──────── Records to process ────────

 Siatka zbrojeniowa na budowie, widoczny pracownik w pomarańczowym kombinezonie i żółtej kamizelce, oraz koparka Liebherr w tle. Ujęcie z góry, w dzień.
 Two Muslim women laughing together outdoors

────────
──────── Records to process ────────

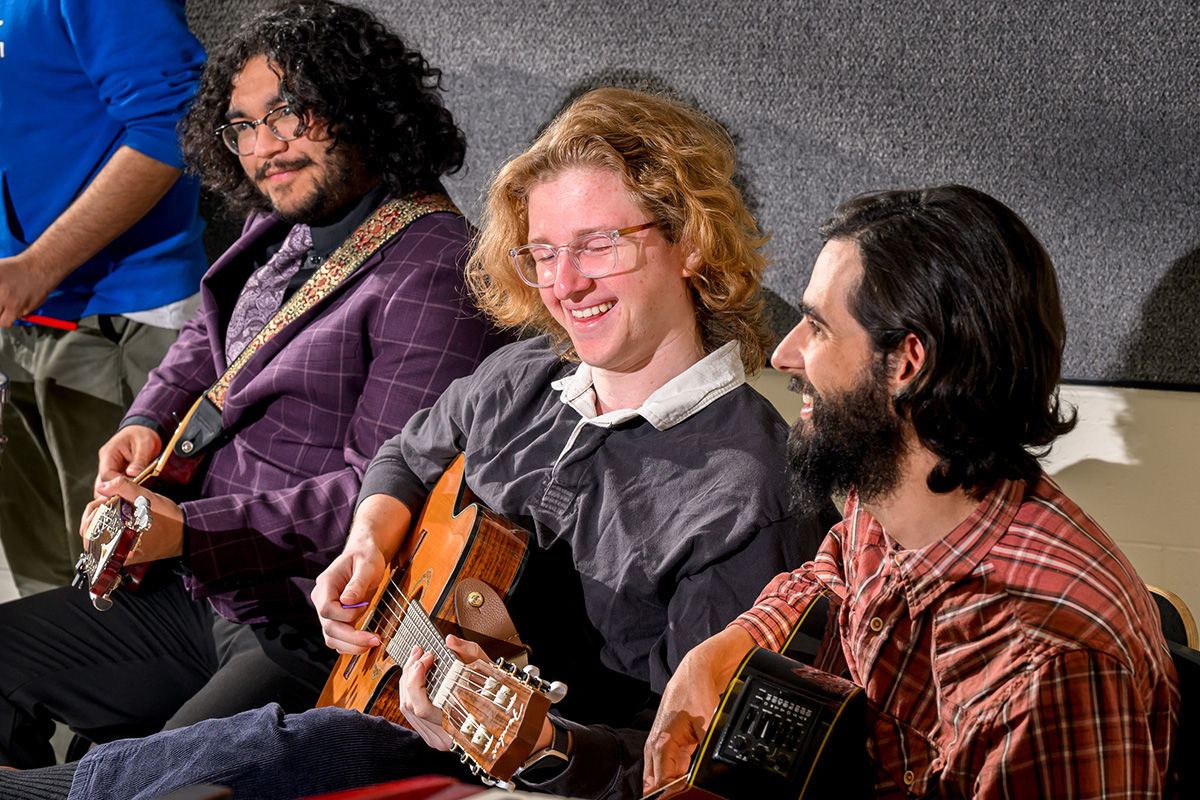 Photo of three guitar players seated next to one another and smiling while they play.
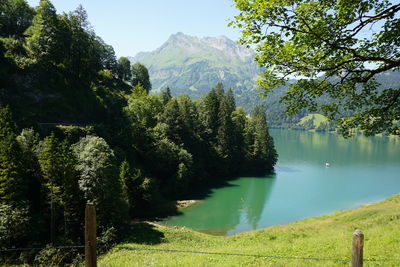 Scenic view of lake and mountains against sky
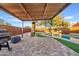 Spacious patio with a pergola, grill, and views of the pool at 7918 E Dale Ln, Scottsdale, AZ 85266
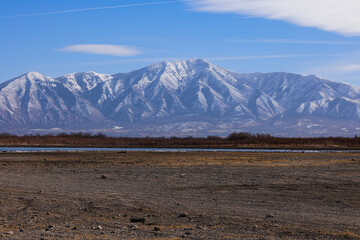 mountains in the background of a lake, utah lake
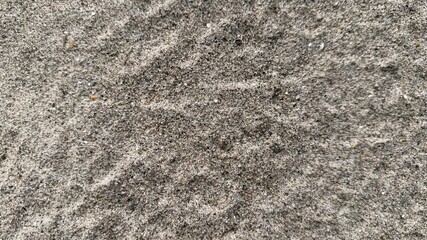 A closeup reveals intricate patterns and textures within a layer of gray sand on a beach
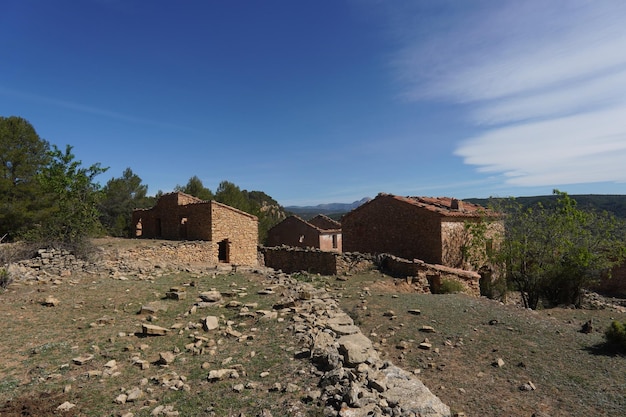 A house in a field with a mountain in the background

────────

:: Exercise prompt ::
Everything above from the line with "A closeup reveals" through the line with "A house in a" should be retyped exactly, and nothing else; omit pictures.

:: Exercise response ::
 A closeup reveals intricate patterns and textures within a layer of gray sand on a beach
 A house in a field with a mountain in the background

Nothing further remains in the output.